Drug based on naturally occurring protective antibody has demonstrated a neuroprotective role in multiple neurodegenerative conditions.
British biotech Alchemab Therapeutics this week announced a licensing agreement with pharma giant Eli Lilly for its lead investigational drug aimed at neurodegenerative conditions. The “IND-ready” drug, called ATLX-1282, is the first to emerge from Alchemab’s proprietary platform, which harnesses antibody responses from individuals who exhibit resilience to serious diseases.
Under the terms of the agreement, which could reach a total value of $415 million through upfront and milestone payments in addition to royalties, Cambridge-based Alchemab will initiate early clinical development before Lilly assumes responsibility for subsequent stages of development and commercialisation.
“With Lilly’s deep expertise in neurological conditions, they are ideally placed to speedily advance ATLX-1282 through the clinic, and maximise the potential to help patients,” said Alchemab CEO, Jane Osbourn.
Alchemab’s approach to drug discovery focuses on identifying naturally occurring antibodies found in individuals who remain healthy despite being genetically predisposed to diseases. The company’s methodology involves sequencing B cells (antibodies) from these resilient individuals and applying machine learning to sift through millions of antibody sequences to pinpoint those with protective effects. Its research is supported by a comprehensive repository of patient samples across areas including neurodegeneration and healthy aging, and powered by high-performance computing resources, including Nvidia’s Cambridge supercomputer.
One of the most compelling discoveries made by Alchemab involves an antibody identified in individuals carrying genetic mutations associated with frontotemporal dementia (FTD) who nonetheless remain symptom-free into old age. The company traced the protective antibody to a novel biological target and has demonstrated its neuroprotective role across multiple neurodegenerative conditions, including amyotrophic lateral sclerosis (ALS) and FTD. ATLX-1282 is the culmination of this discovery process and its novel mechanism of action is believed to have broad therapeutic implications.

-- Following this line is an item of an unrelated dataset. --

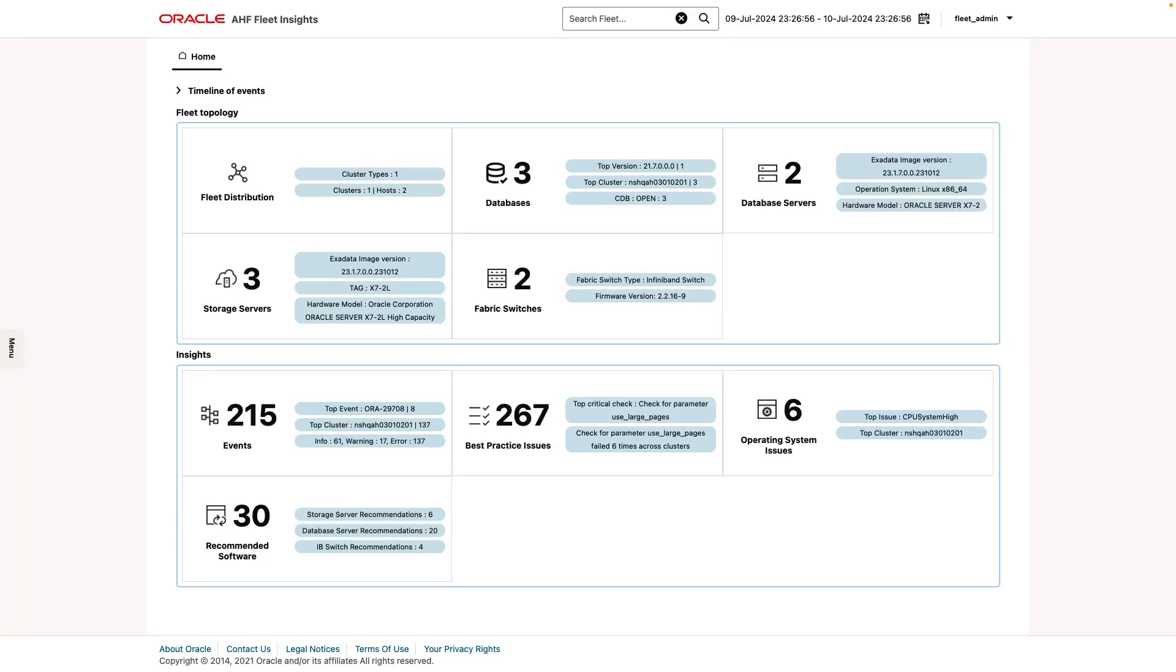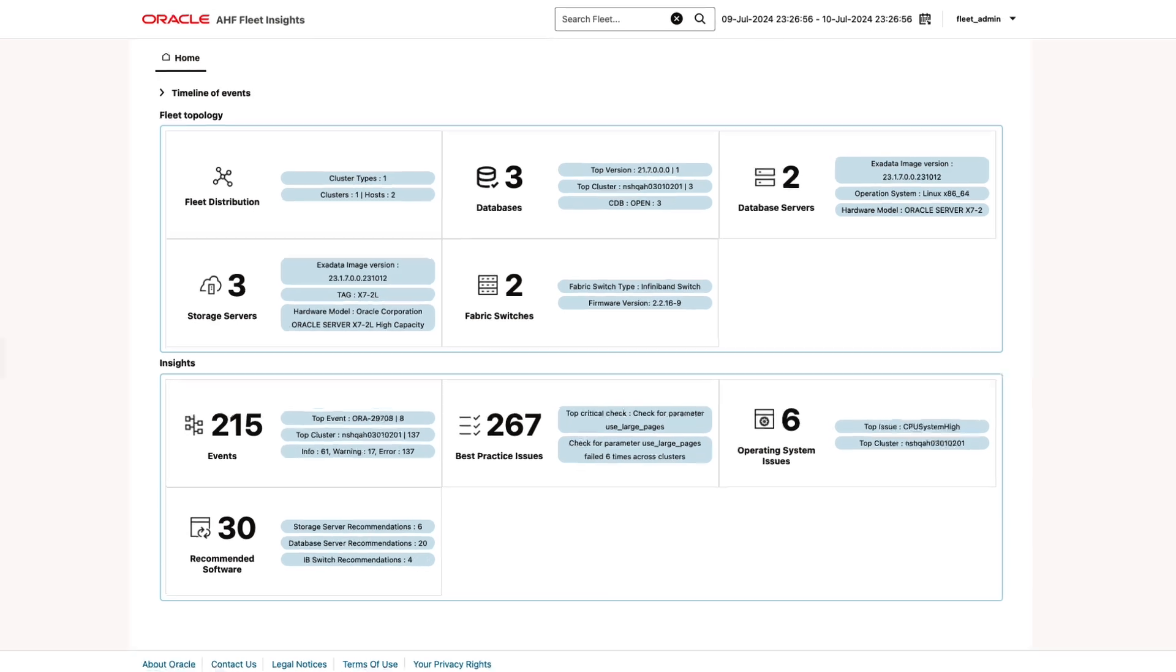Do you want to prevent problems by making sure all your databases follow best practices? In this demo I'm going to show how AHF Fleet Insights combines all AuraCheck and ExaCheck best practice recommendations from across all your database systems in one easy to use dashboard.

“Our revolutionary computational and wet lab-based workflow has enabled us to sift through millions of antibodies to identify this target,” said Osbourn. “We think this is a powerful story demonstrating both the discovery of a novel antibody to treat neurogenerative diseases and the development of a unique platform which has great potential to provide innovative treatments across many disease settings.”
The latest deal follows a discovery collaboration announced in January this year, in which the two companies committed to jointly pursue up to five therapies for ALS.